The Board patted themselves on the back in the July Newsletter for ranking 4th in a peer group of the 17 largest U.S. Public Pension Funds for having the 4th lowest investment costs. Perhaps these costs are too high in ALL Public Pension Funds. It was reported by STRS that this 4th place ranking was due to using internal investment managers for about 70% of the assets. Internal expenses are 1/5th of the External Fees of 218.3 million. Internal expenses include: Personnel salaries, Professional & Technical Services, printing & supplies, Staff Education, Memberships, etc. Looking specifically at the asset class Alternative Investments (only 15.5% of all assets) external management fees of $152.2 million were paid to 116 different companies. The external fee figure, $218.3 million is double the amount spent on all Administrative & all Internal Investment Expenses.

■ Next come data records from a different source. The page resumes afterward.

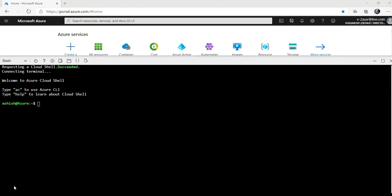We will use cert manager to ensure the website certificate is valid and up-to-date and attempt to renew certificates at a configured time before the certificate expires. Cert manager would use Kubernetes custom resources. A Kubernetes custom resource is an object that allows you to extend the Kubernetes API or to introduce your API into a cluster. So we'll use Helm to install cert manager and then configure it to use Let's Encrypt as the certificate issuer.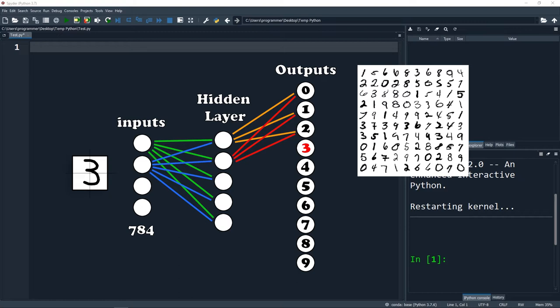The output node is going to have 10 different outputs, 0 through 9, and whichever has the highest value is going to be our guess. As we train this network with a training piece of our dataset we're going to update the weights of the hidden layers, increasing the accuracy of our network over time. Once we're done training, we pass through a test dataset that was not used in training - this will give us an accurate picture of how it's going to do in the wild.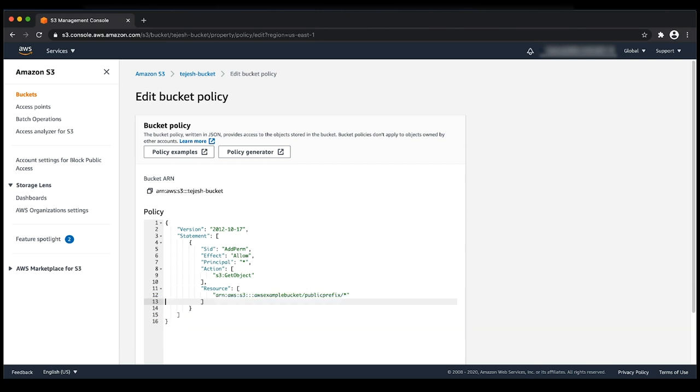So now you know some of the ways you can use to make a certain object or multiple objects public in an S3 bucket. Thanks for watching and happy cloud computing from all of us here at AWS.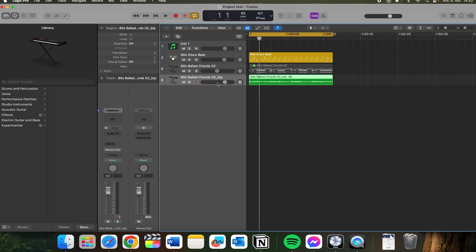And as you can see here, this MIDI file up here has been bounced in place and that's how you do it.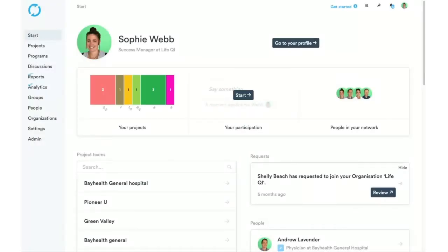I'm going to go over a quick basic navigation of LifeQI. The screen in front of you is what we call your start page. This is individual to you as a user — nobody else on LifeQI can see this. This is a way for you to easily navigate between the different elements of LifeQI and the things you are taking part in.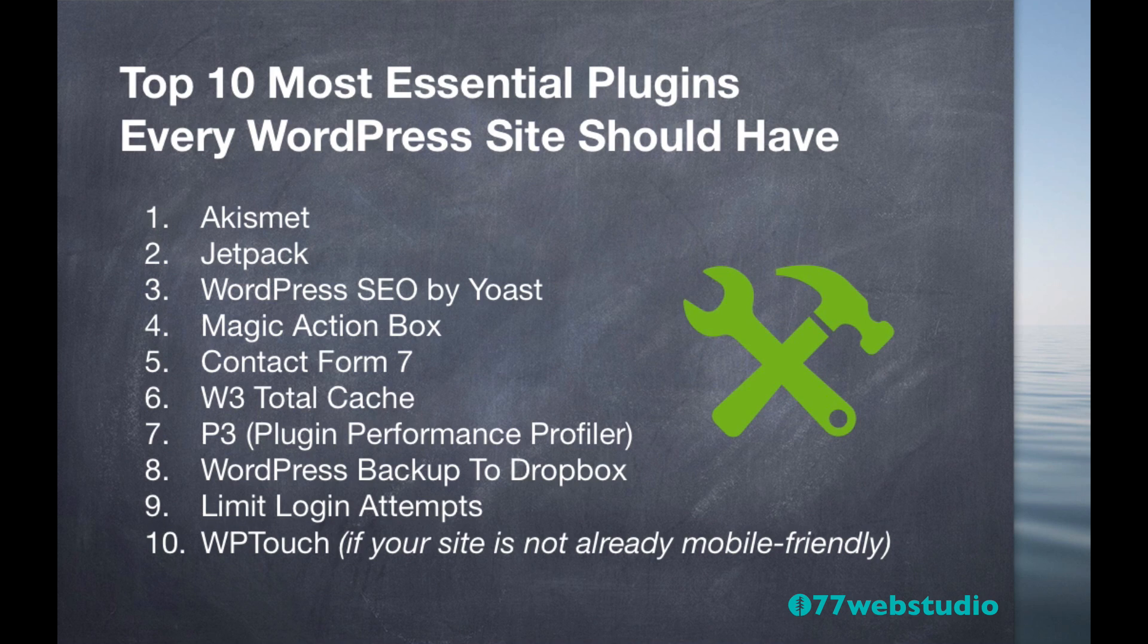Hi everyone. In this video, let's go over the top 10 most essential plugins every WordPress website should have.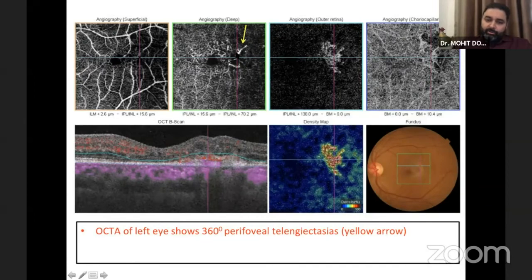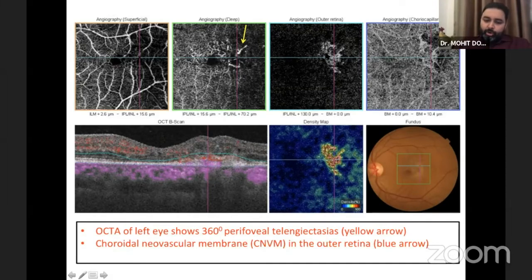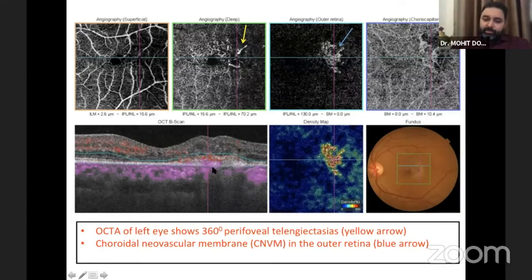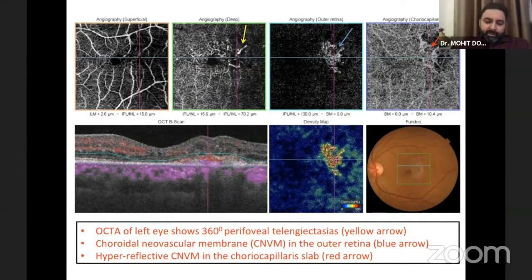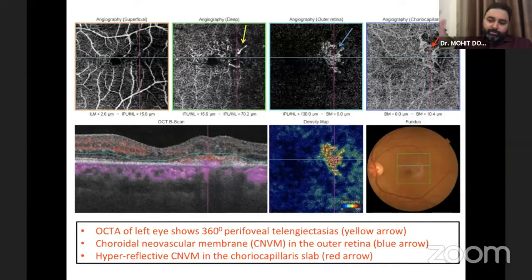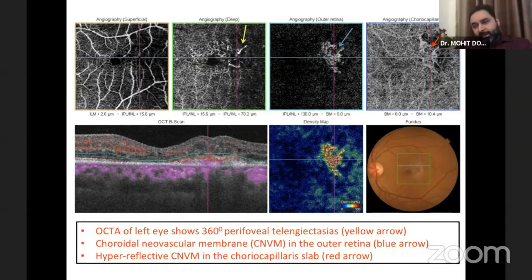The yellow arrow shows something similar to the right eye except it's not confined to the temporal area — it's more generalized, extending superiorly and nasally. Looking at the outer retinal and choriocapillaris layers deeper down, as seen on the OCT, there's hyper-reflectivity in the outer retina, and an imprint of that in the choriocapillaris layer, indicating abnormal blood vessels.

Perhaps the following suggested changes can be implemented in order to pay a COLA & also meet future inflationary pressures:

Cut all expenses by 5-10%. Decrease the 57 Stock Brokerage Companies now used, as well as the 116 Alternative Investment Groups. Negotiate lower external management fee schedules. Show “good faith” to retirees & actives by not increasing employee wages or paying bonuses. Review the operational costs of this facility. Does this building meet STRS needs going forward for the next 2-3 decades?